A state judge in Connecticut has dismissed a lawsuit against Purdue Pharma and two dozen other opioid manufacturers.
Judge Thomas Moukawsher in Hartford Superior Court ruled Tuesday that the lawsuits were not allowed because they were not government enforcement actions, such as those filed under consumer protection and public health laws. Instead, the judge said the lawsuits were filed as “ordinary civil cases” seeking money damages for the “indirect harm” from the opioid crisis.
“Their lawsuits can’t survive without proof that the people they are suing directly caused them the financial losses they seek to recoup,” Moukawsher wrote. “This puts the cities in the same position in claiming money as the brothers, sisters, friends, neighbors, and co-workers of addicts who say they have also indirectly suffered losses by the opioid crisis. That is to say — under long-established law — they have no claims at all.”

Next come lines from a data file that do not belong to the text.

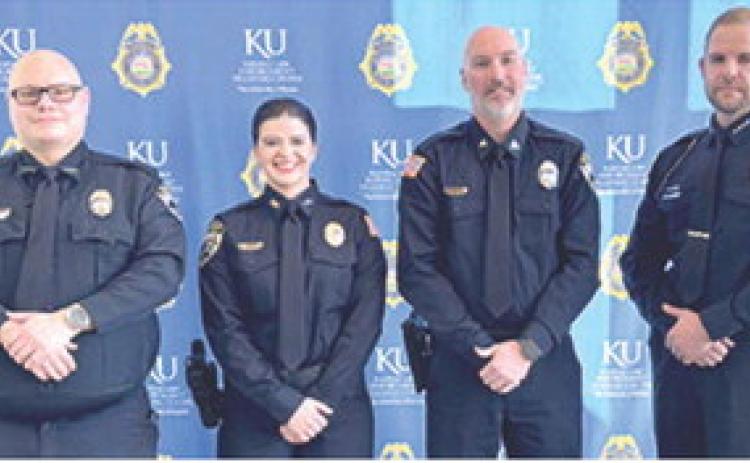 Aeriel Tennell recently completed classes at the Kansas Law Enforcement Training Center. She is employed by Columbus Police Department. Officers Arlo Lewke, Preston Hosier and Chief Kyle Clark attended her graduation ceremony. Courtesy photo.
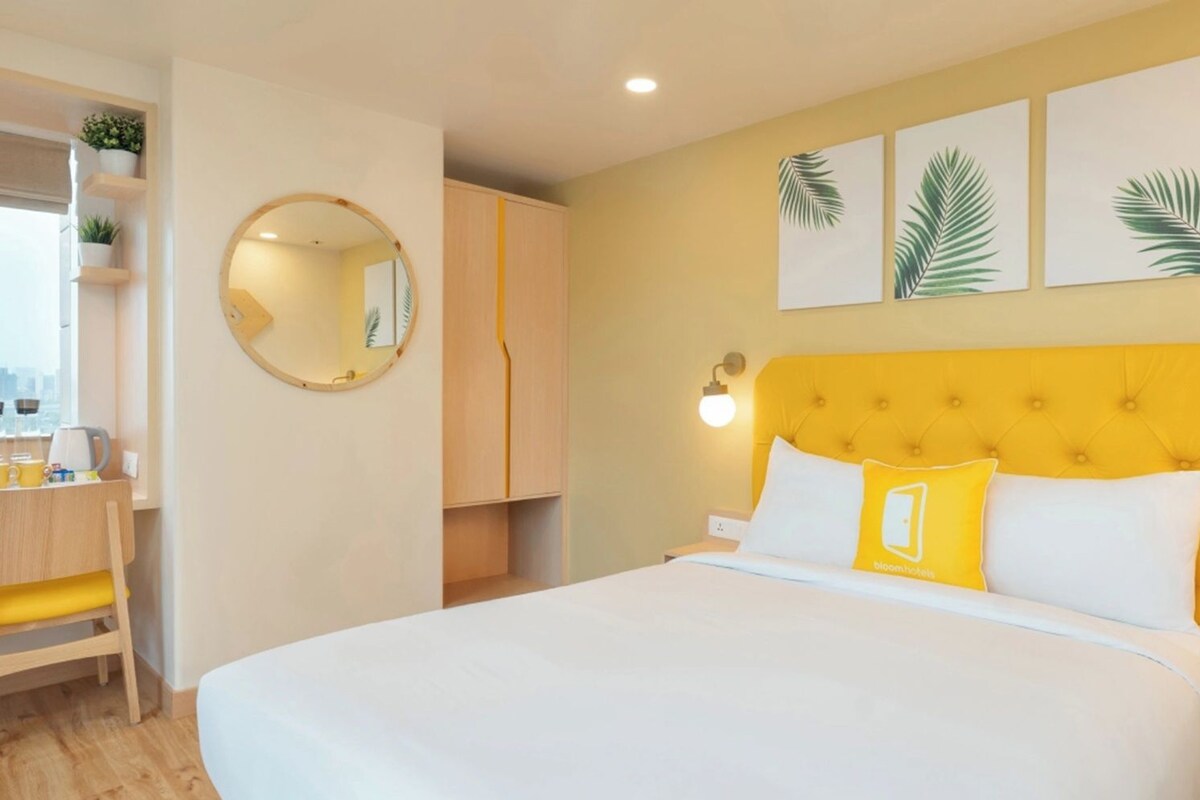 A hotel room with a bed, a desk, a chair, a round mirror, and wall art.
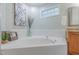 Bathroom with granite-topped vanity, soaking tub, and garden window at 0317 Glen Echo Ln # C, Cary, NC 27518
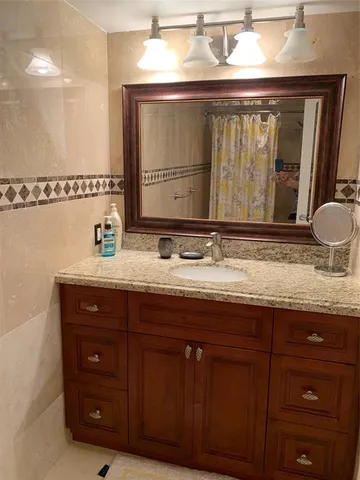 a bathroom with a granite countertop sink and a mirror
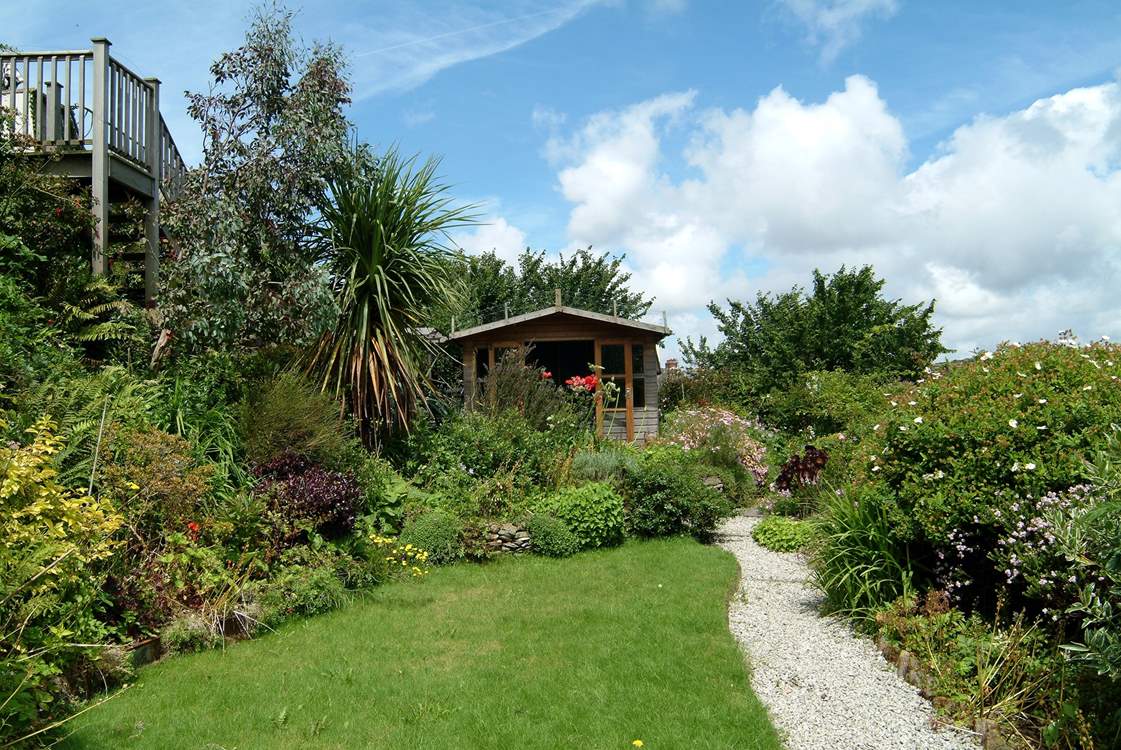 The garden on the first level below the property.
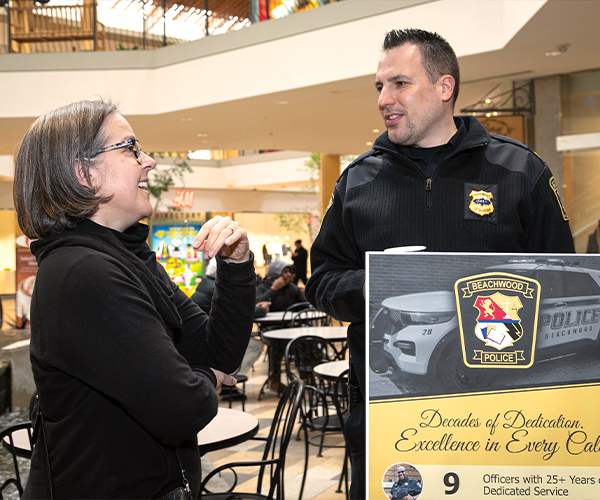 Police Chief Daniel Grispino speaking with resident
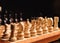 wooden chess pieces on the chess desk. White figures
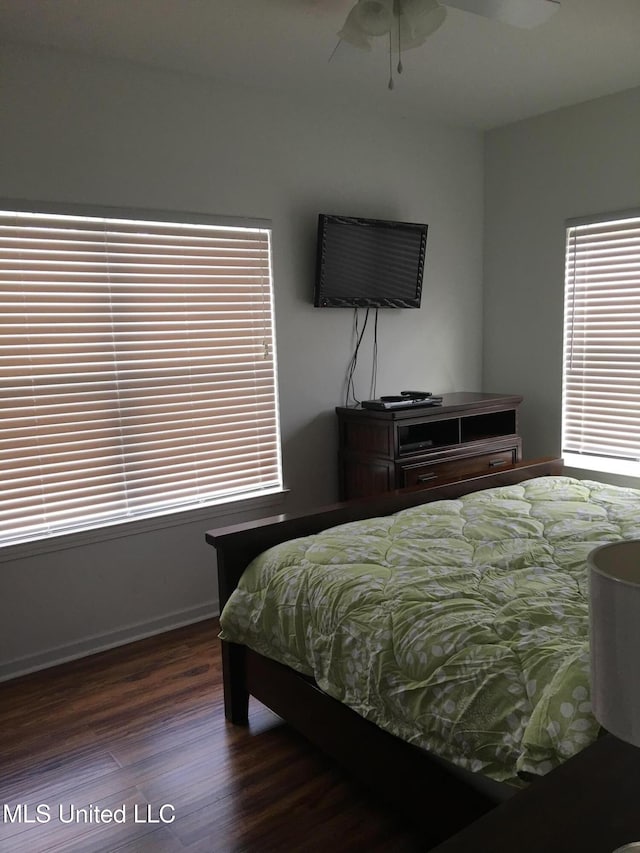 bedroom with ceiling fan and dark wood-type flooring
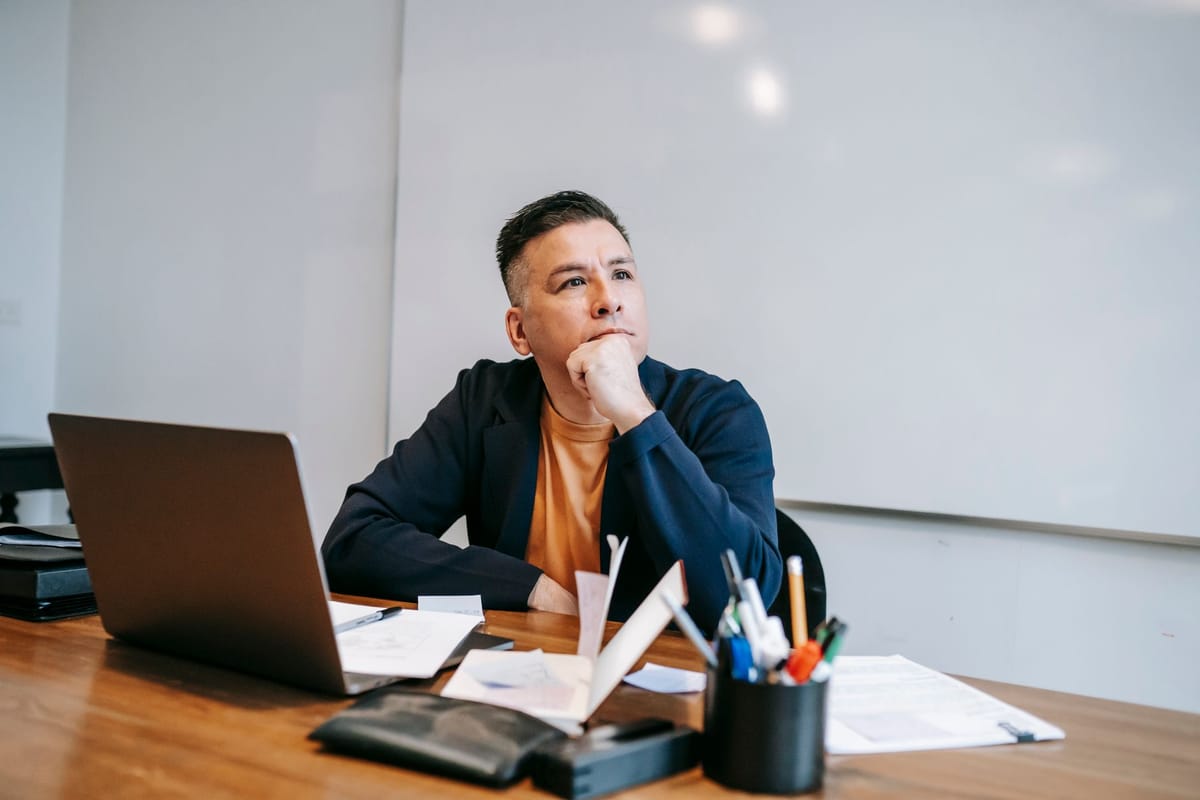 Un dirigeant réfléchit à son bureau, entre ordinateur et paperasse, face au numérique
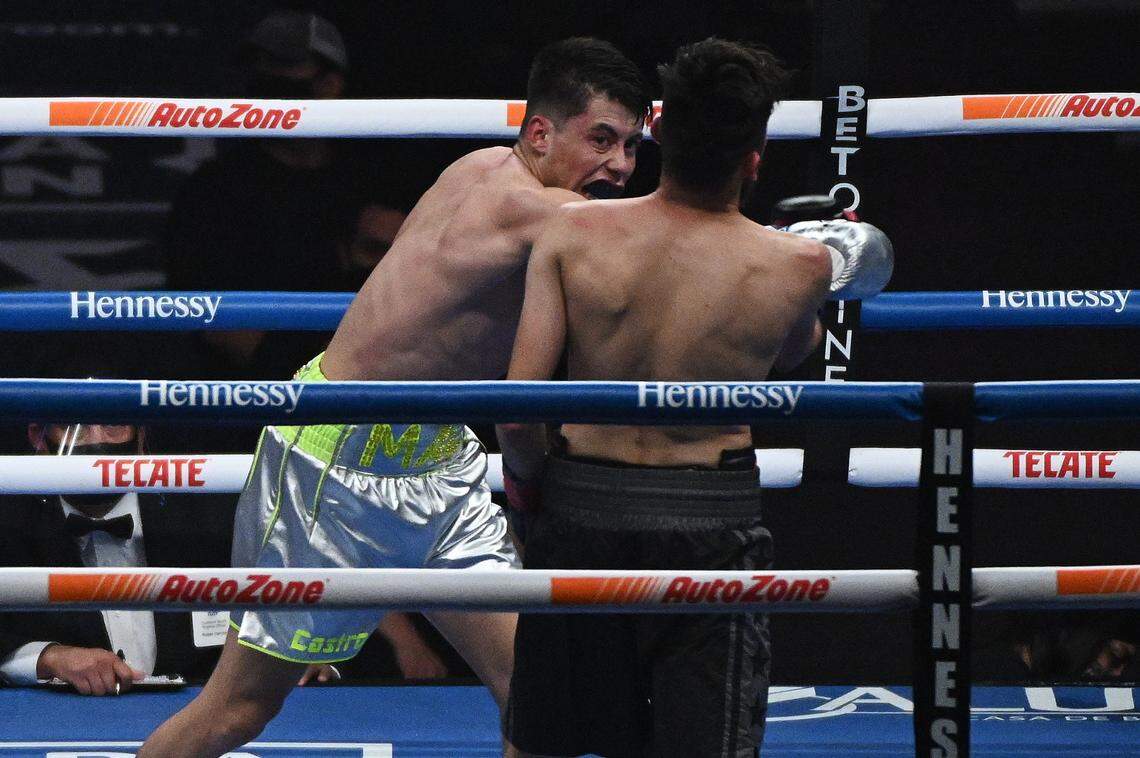Marc Castro, left, and Luis Javier Valdes during their bout at the Alamodome in San Antonio on Saturday, Dec. 19, 2020.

However, not all legal scholars agree with the judge’s ruling.
“I don’t think he reached the correct decision,” said New York lawyer Judith Scolnick, who is representing New Haven and New Britain. “It’s disappointing. We’re considering every option.”
The ruling is believed to be the first to dismiss government lawsuits in recent rounds of litigation against opioid manufacturers. Last month, a federal judge in Ohio overseeing more than 1,400 lawsuits against drugmakers by local governments and other groups rejected requests by the companies to dismiss the claims.
Like other drugmakers, Purdue Pharma has denied allegations in lawsuits that it used deceptive marketing to boost sales of its opioid painkiller, deceiving patients and doctors about the risks of opioids. Manufacturers are being blamed for helping fuel addiction and opioid overdose deaths.
About 47,600 Americans died from drug overdoses involving opioids in 2017, a toll that has been rising for two decades, according to the federal Centers for Disease Control and Prevention.
Local, state and federal governments say they have been forced to pay for opioid addicts’ social and medical needs, including emergency response services, doses of overdose-reversal drugs and medical care for government employees.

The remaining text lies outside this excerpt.